▶ Task item
Wherever "glue" appears in the records below, copy the line that holds it.

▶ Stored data
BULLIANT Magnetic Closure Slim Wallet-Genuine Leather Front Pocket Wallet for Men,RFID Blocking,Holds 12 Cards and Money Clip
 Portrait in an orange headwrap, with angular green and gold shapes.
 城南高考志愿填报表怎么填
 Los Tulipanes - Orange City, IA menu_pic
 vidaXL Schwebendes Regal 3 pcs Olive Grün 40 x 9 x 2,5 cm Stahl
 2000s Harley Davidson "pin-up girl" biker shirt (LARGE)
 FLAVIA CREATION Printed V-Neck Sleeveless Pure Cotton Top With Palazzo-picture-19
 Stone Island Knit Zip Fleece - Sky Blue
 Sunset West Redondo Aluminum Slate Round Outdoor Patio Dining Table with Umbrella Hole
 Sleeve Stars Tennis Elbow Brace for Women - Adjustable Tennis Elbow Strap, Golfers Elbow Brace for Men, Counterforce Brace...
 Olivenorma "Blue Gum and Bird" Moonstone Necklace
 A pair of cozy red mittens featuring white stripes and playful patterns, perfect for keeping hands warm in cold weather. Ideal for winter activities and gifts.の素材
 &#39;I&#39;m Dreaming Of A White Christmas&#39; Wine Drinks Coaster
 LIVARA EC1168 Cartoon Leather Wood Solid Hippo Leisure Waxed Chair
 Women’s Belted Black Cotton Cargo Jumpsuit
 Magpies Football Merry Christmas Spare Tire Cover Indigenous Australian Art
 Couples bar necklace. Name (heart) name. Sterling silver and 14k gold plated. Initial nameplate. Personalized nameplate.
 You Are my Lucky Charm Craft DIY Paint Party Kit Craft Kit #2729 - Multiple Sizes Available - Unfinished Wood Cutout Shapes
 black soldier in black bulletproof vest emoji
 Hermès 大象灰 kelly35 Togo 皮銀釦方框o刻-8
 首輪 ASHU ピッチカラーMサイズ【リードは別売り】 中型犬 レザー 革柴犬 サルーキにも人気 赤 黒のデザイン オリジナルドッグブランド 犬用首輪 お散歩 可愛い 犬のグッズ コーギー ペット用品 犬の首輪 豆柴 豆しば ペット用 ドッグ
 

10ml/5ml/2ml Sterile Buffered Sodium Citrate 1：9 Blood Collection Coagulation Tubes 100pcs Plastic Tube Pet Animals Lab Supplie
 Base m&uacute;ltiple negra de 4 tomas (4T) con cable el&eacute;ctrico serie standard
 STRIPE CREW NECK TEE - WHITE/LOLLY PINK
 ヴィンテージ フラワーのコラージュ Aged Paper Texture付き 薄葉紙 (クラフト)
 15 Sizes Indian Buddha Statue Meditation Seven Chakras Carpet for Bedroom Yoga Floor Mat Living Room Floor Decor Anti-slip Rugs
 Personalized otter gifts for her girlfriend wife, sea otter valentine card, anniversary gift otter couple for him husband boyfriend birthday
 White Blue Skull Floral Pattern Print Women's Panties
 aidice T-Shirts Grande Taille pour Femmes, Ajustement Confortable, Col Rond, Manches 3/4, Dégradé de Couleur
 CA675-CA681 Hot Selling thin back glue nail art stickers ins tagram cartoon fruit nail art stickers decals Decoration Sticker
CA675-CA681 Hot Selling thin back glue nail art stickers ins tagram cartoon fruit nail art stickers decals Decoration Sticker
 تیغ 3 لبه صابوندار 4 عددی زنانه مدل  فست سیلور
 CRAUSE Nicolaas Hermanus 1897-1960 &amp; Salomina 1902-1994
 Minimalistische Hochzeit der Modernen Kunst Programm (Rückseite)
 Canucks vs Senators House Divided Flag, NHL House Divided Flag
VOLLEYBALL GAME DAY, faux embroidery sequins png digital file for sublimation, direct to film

▶ Solution
 CA675-CA681 Hot Selling thin back glue nail art stickers ins tagram cartoon fruit nail art stickers decals Decoration Sticker
CA675-CA681 Hot Selling thin back glue nail art stickers ins tagram cartoon fruit nail art stickers decals Decoration Sticker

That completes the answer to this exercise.